Work instruction: Only the lines from the start of the data through the line with "荊門沙洋地下室除濕機，除濕機廠家" belong in the copy. Restate them word for word, minus the pictures.

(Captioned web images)
↓↓↓
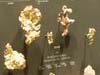 exposition de spcimens de ppite d'or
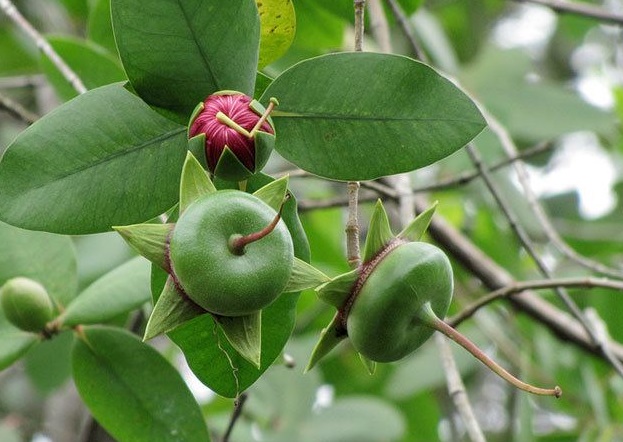 Quả bần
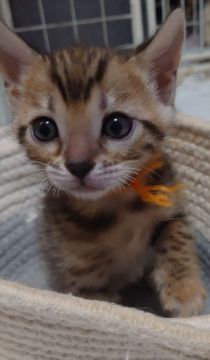 ベンガル【愛知県・女の子・2022年1月13日・ブラウンスポッテッドタビー】の写真「とても人懐っこくて甘えん坊★」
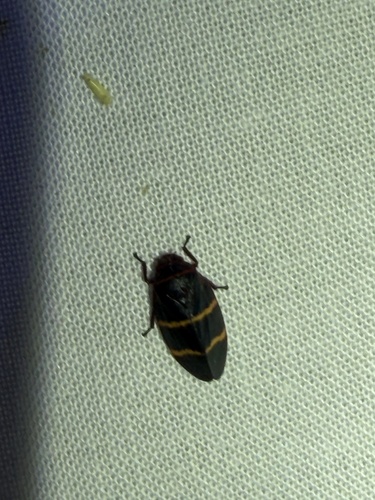 Two-Lined Spittlebug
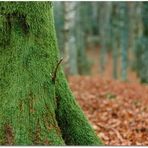 Nel bosco in autunno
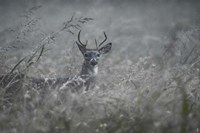 Foggy Morning Buck Fine Art Print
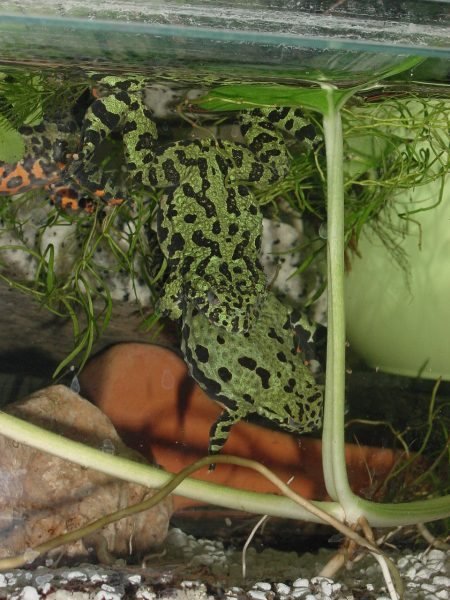 Pareja de ranas de vientre de fuego en amplexus en acuaterrario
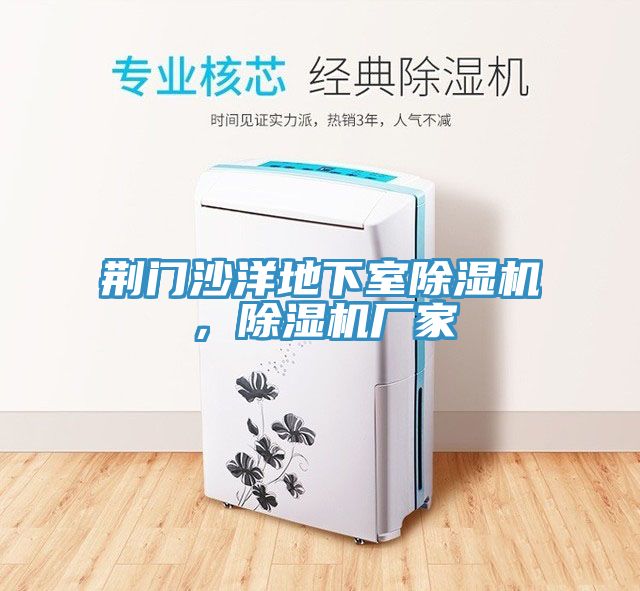 荊門沙洋地下室除濕機，除濕機廠家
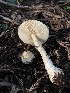  ( - HAY-F-004818)  @11 [ ] by-nc (2023) Dean Lyons Fungal Diversity Survey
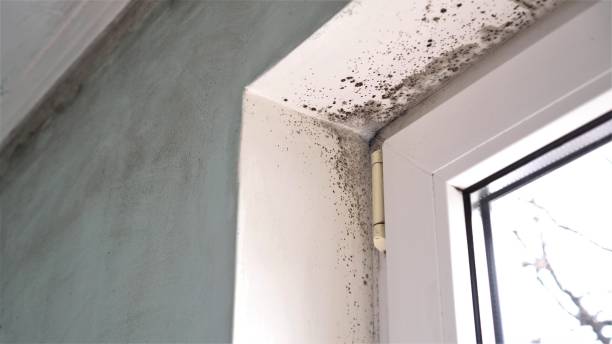 Best Mold Testing and Removal  in Bellevue, ID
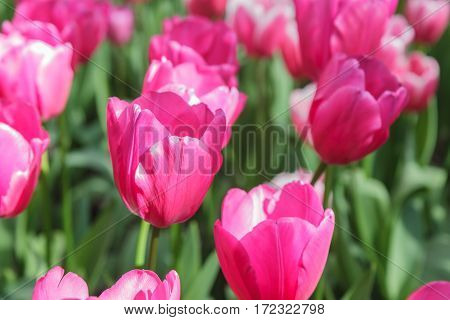 Flower bed with pink tulips (Tulipa) in spring time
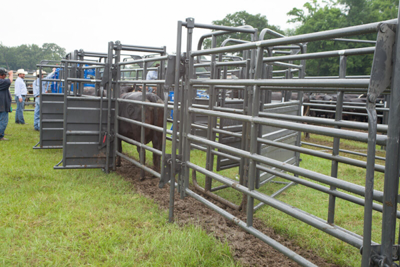 Adjustable Alley Gate - Image 6
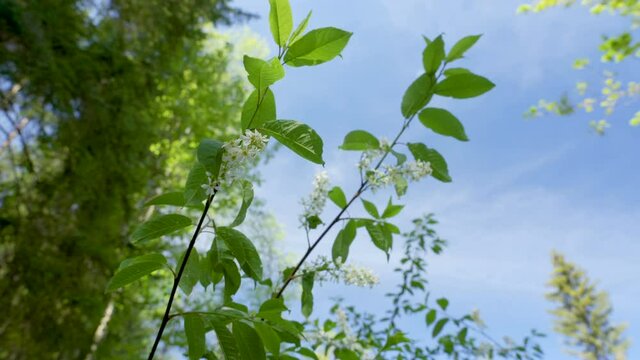 The waving bird cherry plant on the garden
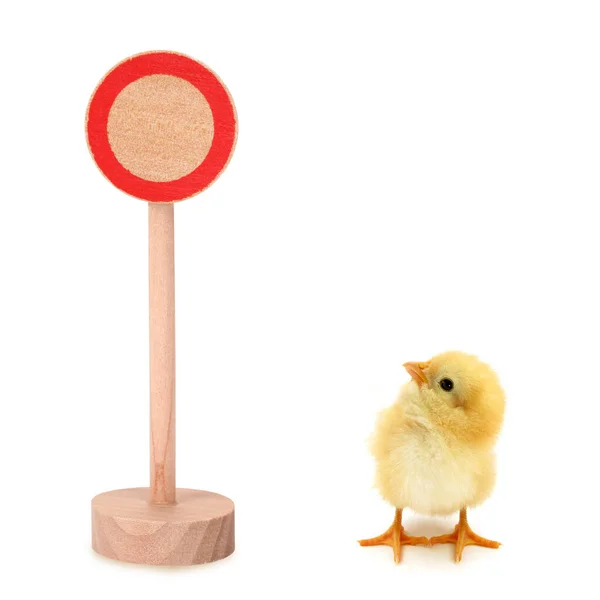Chick Kijkt Omhoog Teken Toont Verboden Toegang Conceptuele Foto Verboden — Stockfoto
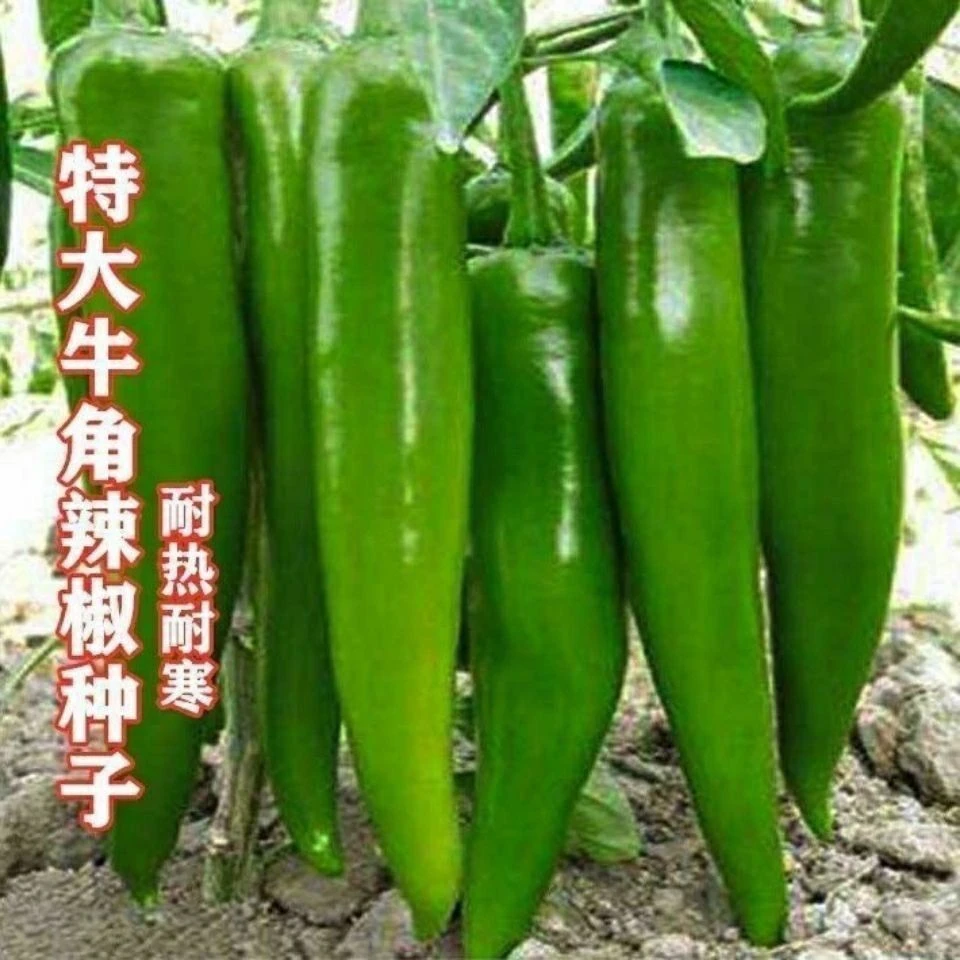 高产大果牛角椒种子 羊角椒种籽辣椒种籽 青椒种子阳台菜园蔬菜籽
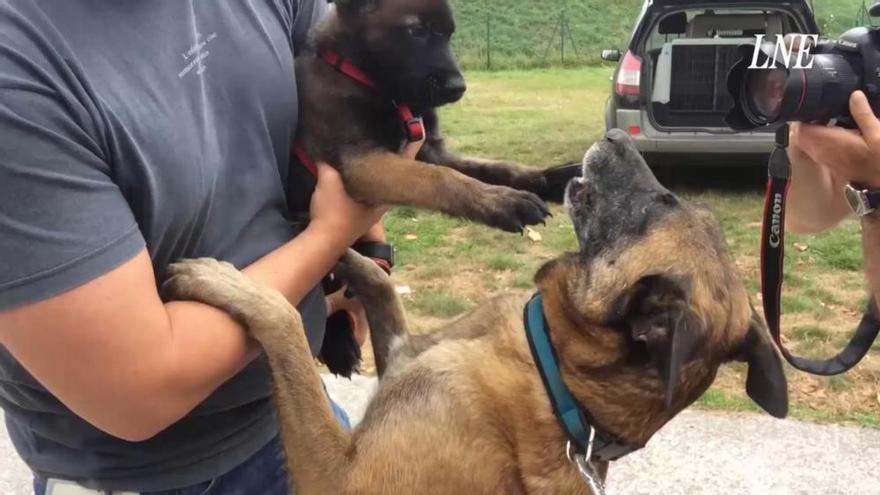 Moon se reencuentra con uno de sus cachorros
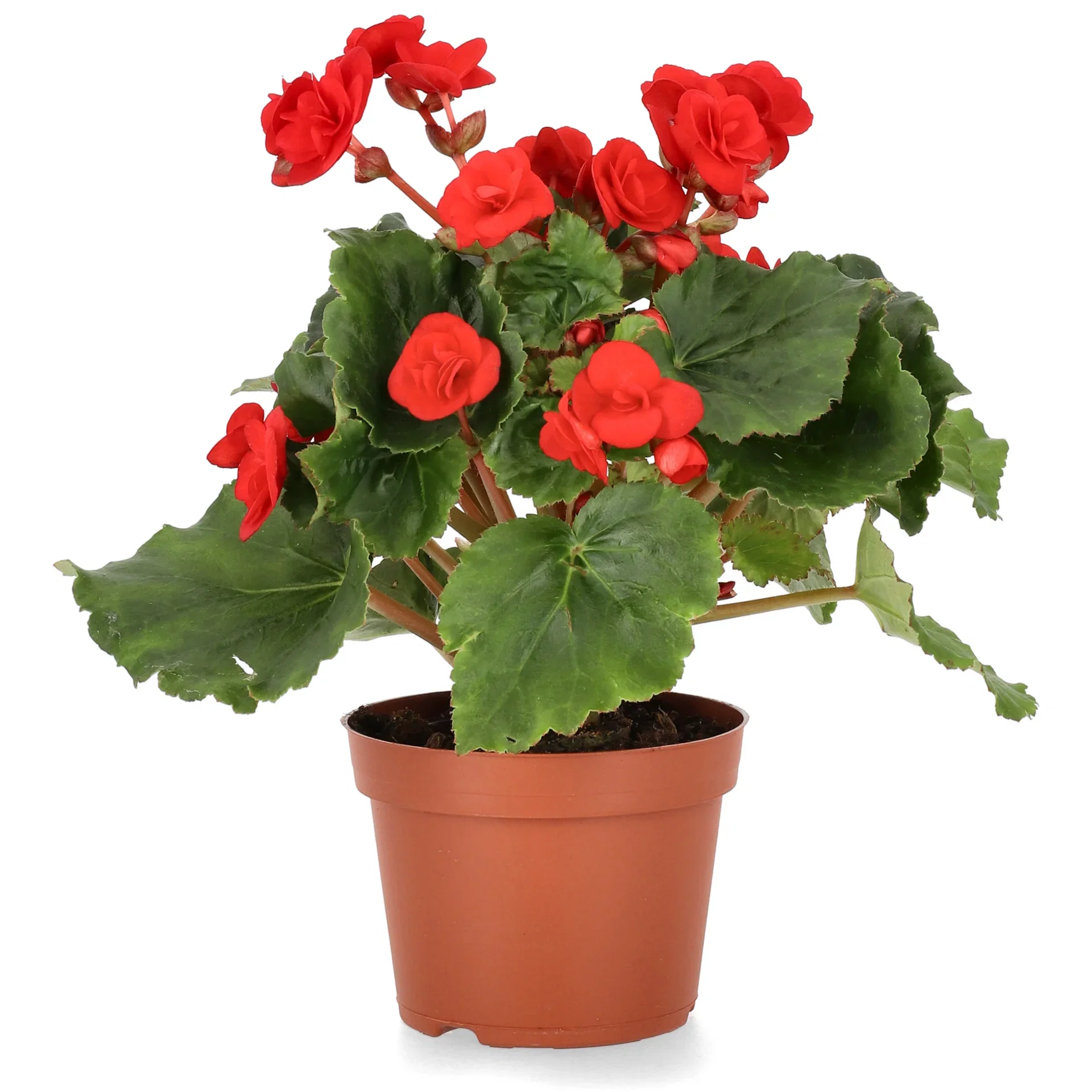 Begonia Red 12cm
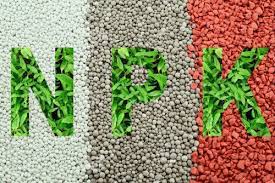 NPK-FERTILIZERS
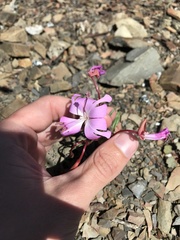 Clarkia breweri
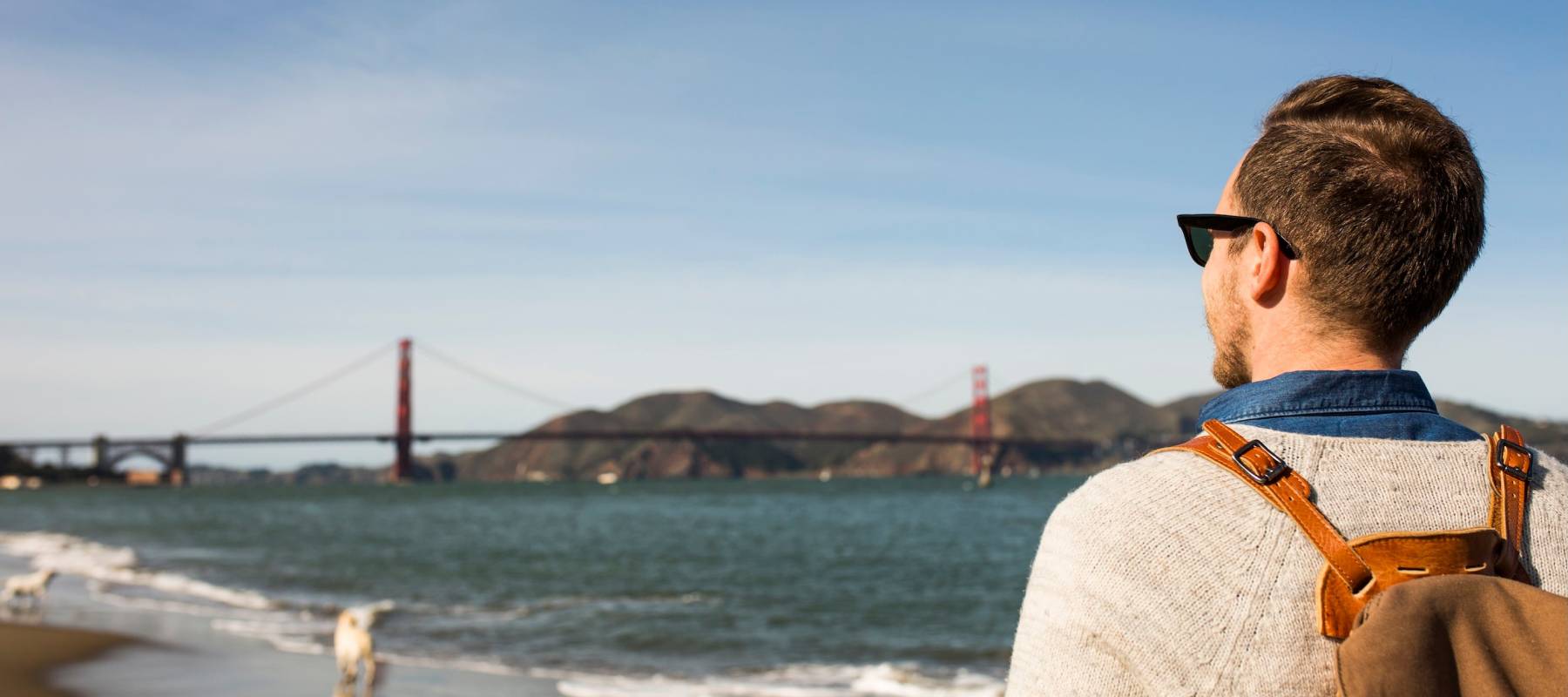 Rear view of man on beach on sunny day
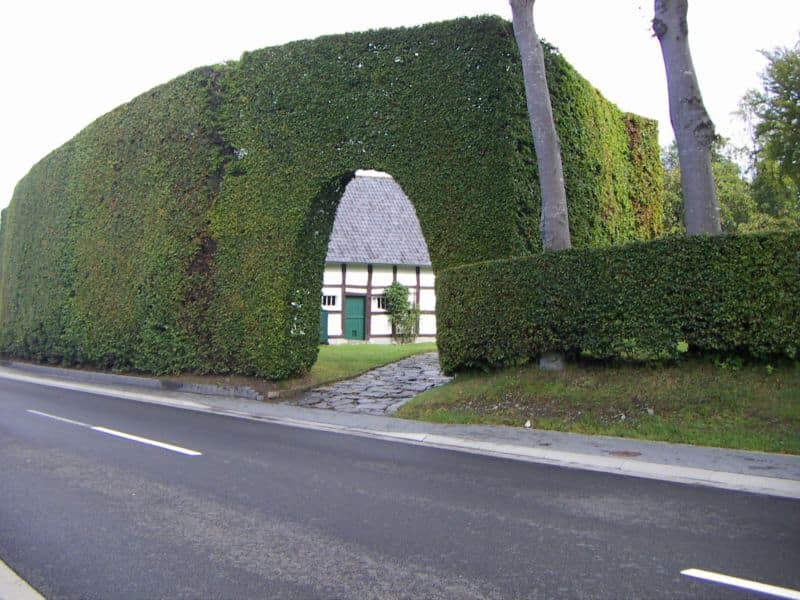 hofen_hecke1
↑↑↑
Finished task:
 exposition de spcimens de ppite d'or
 Quả bần
 ベンガル【愛知県・女の子・2022年1月13日・ブラウンスポッテッドタビー】の写真「とても人懐っこくて甘えん坊★」
 Two-Lined Spittlebug
 Nel bosco in autunno
 Foggy Morning Buck Fine Art Print
 Pareja de ranas de vientre de fuego en amplexus en acuaterrario
 荊門沙洋地下室除濕機，除濕機廠家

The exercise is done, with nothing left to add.